Start of AVAILABLE RECORDS

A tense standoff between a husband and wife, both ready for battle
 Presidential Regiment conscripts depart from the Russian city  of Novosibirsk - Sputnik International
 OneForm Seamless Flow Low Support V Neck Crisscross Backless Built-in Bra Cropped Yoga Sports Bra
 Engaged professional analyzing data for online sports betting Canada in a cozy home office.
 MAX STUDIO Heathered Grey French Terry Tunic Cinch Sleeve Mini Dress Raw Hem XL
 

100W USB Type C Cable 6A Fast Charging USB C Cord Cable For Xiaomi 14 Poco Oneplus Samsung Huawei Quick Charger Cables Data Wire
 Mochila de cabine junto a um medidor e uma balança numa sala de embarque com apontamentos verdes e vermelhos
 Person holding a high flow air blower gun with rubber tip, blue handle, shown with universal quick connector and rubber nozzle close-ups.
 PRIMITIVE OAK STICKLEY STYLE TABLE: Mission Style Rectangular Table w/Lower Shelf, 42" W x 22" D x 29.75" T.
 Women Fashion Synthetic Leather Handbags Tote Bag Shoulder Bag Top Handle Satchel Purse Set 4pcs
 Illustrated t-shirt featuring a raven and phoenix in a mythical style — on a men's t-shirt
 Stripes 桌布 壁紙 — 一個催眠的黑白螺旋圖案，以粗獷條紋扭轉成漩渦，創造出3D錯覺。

End of AVAILABLE RECORDS

** ACTIVITY **
Only one part of the material above is to be transcribed, namely the lines starting with the line that has "OneForm Seamless Flow" and going on through the line that has "Mochila de cabine", exactly as they stand.

** REPLY **
 OneForm Seamless Flow Low Support V Neck Crisscross Backless Built-in Bra Cropped Yoga Sports Bra
 Engaged professional analyzing data for online sports betting Canada in a cozy home office.
 MAX STUDIO Heathered Grey French Terry Tunic Cinch Sleeve Mini Dress Raw Hem XL
 

100W USB Type C Cable 6A Fast Charging USB C Cord Cable For Xiaomi 14 Poco Oneplus Samsung Huawei Quick Charger Cables Data Wire
 Mochila de cabine junto a um medidor e uma balança numa sala de embarque com apontamentos verdes e vermelhos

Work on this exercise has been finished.